The biggest question about Harris at the beginning of the season had been his lack of size. Harris entered the year listed at 6-foot-5, 270-pounds, which is a little undersized for a Division I tackle.

“The thing we worried about was that here’s a guy that reported at 270 pounds,” Denbrock said. “Can he hold up? Can he do it and be consistent and do the things you need him to do?”

But the Irish coaches have been more than pleased with Harris’ progress and growth in the early part of the season. Even trying to manage a class schedule and the rigors of college life, the freshman has added nearly 15 pounds and worked his way into the Irish system.

“He added almost 15 pounds over the course of the first three weeks of the season,” Denbrock said. “He continued to develop and grow and got in there with the good, big boys and mixed it up and held his own and did some really good things.”

Denbrock, who shares offensive line coaching duties with John McDonell but specializes in tackles and tight ends, is optimistic about Harris’ future with the Irish and his potential for growth.

“I look at him now, and you take a guy that’s going through what he’s going through and he’s still been able to gain 10 or 15 pounds as a freshman while he’s been on campus here,” Denbrock said. “What’s he going to be able to do over the course of the winter working with [strength and conditioning] Coach [Mickey] Marotti with that great program in the weight room? I think he’s going to be much bigger than he is right now.”

Saturday, Harris and the rest of the offensive line will face a demanding task going against a very talented Trojan defensive line. The front four of defensive ends Kenechi Udeze and Omar Nazel and defensive tackles Shaun Cody and Mike Patterson bring an impressive combination of speed, strength and size to the line of scrimmage.

“They have absolutely outstanding guys up front, not only athletically,” Denbrock said. “They can beat you with their speed and their quickness. They can also overpower you. That’s a pretty lethal combination when you put those guys together that have that ability.”
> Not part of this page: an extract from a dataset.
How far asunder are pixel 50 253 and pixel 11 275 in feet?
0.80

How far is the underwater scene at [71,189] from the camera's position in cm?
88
But Denbrock says he isn’t worried that Harris’ youth or lack of playing experience will cost the Irish against USC. Instead, he feels Harris’ strength and technique will help him to be successful against the Trojans.

“I think the thing that Ryan has done that really helped him is that he knows how to play with leverage, and he knows how to bend,” he said. “I can guarantee you that Ryan Harris leg presses a lot more than anybody on their defensive line weighs. Using your legs and blocking the right way, those things take care of themselves.”